Source material:
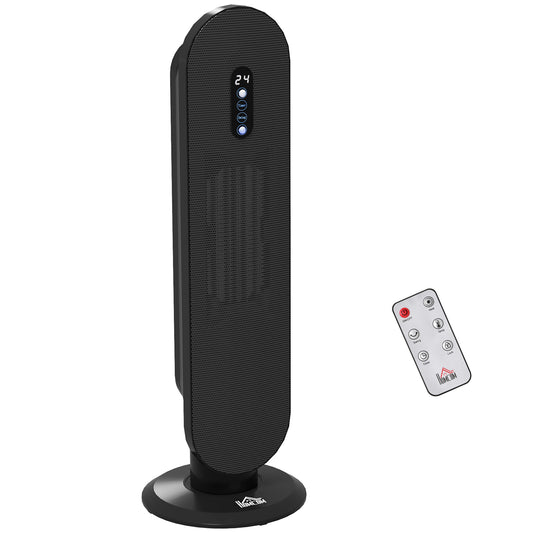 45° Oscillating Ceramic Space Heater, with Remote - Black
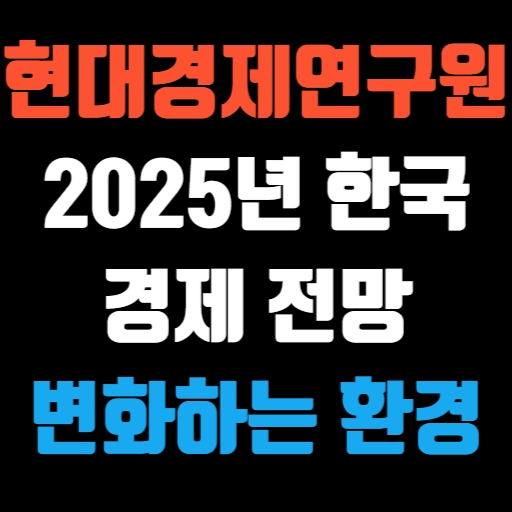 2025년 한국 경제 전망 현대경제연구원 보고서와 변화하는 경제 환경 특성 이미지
* * *
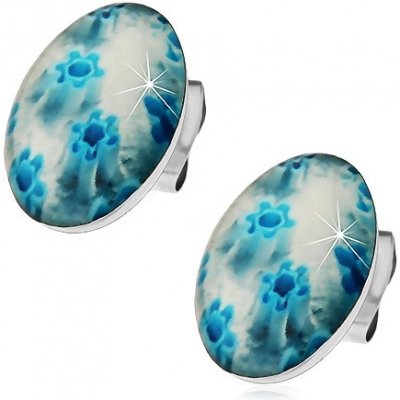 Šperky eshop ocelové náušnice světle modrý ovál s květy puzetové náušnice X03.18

Exercise aim:
Only the lines above from the one with "45° Oscillating Ceramic" to the one with "2025년 한국 경제" should be printed, both included and exactly as written; no picture belongs in the copy.

Result of the task:
 45° Oscillating Ceramic Space Heater, with Remote - Black
 2025년 한국 경제 전망 현대경제연구원 보고서와 변화하는 경제 환경 특성 이미지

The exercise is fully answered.